TASK TO CARRY OUT => The expected response is the complete listing below, restated exactly, with its pictures omitted.

*** DATA SHOWN

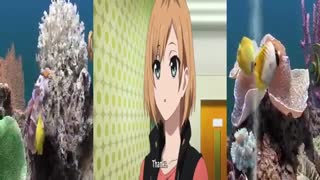 انیمه Shirobako قسمت 10 با زیرنویس انگلیسی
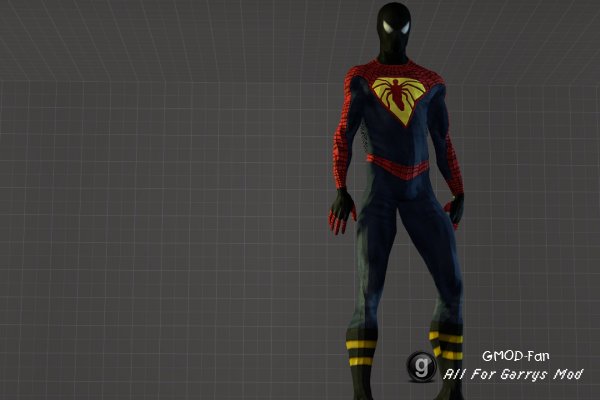 Spider-Men Super Pack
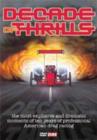 Decade of Thrills: 1 - The 70's - DVD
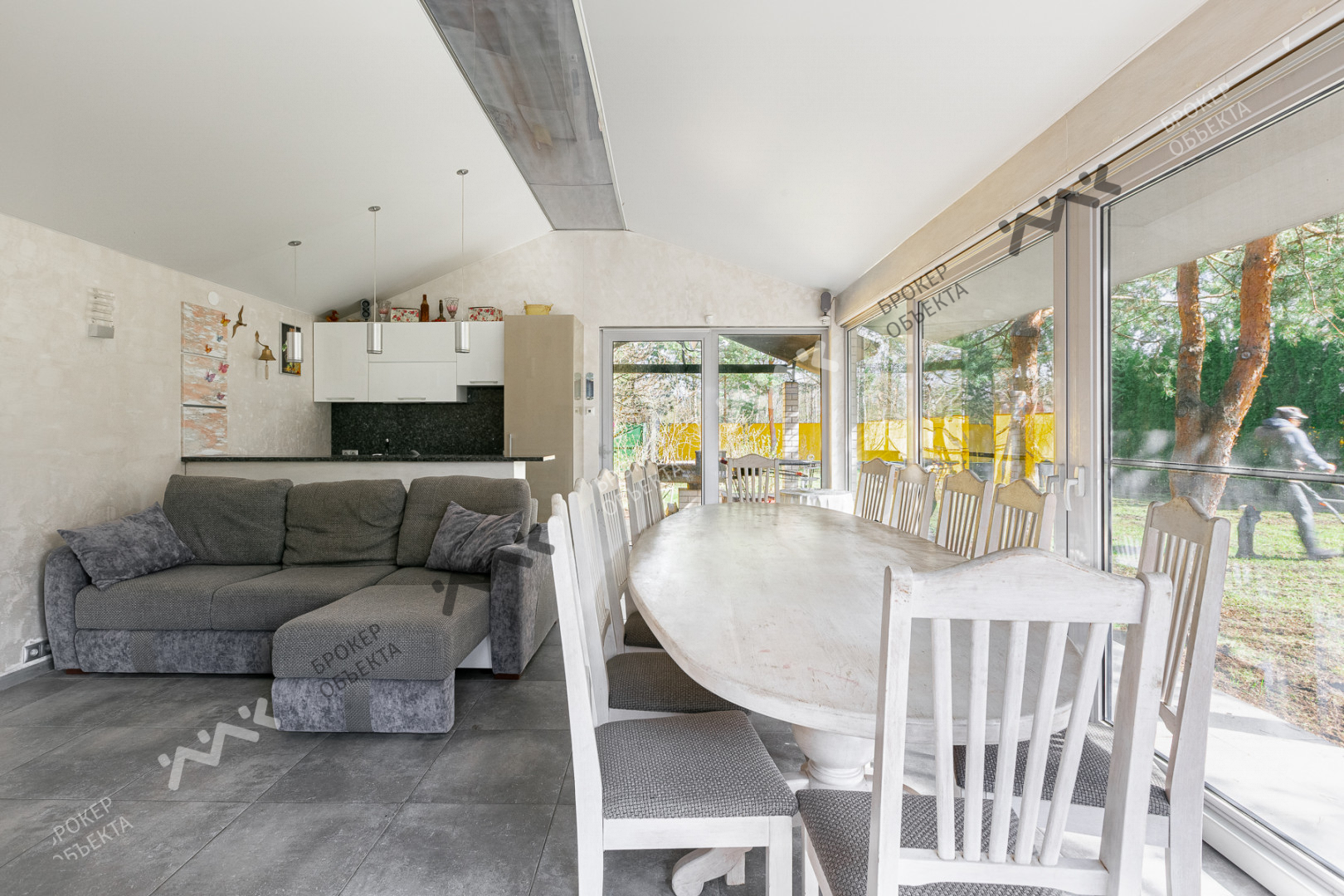 Фото объекта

******

ANSWER TO THE EXERCISE =>
 انیمه Shirobako قسمت 10 با زیرنویس انگلیسی
 Spider-Men Super Pack
 Decade of Thrills: 1 - The 70's - DVD
 Фото объекта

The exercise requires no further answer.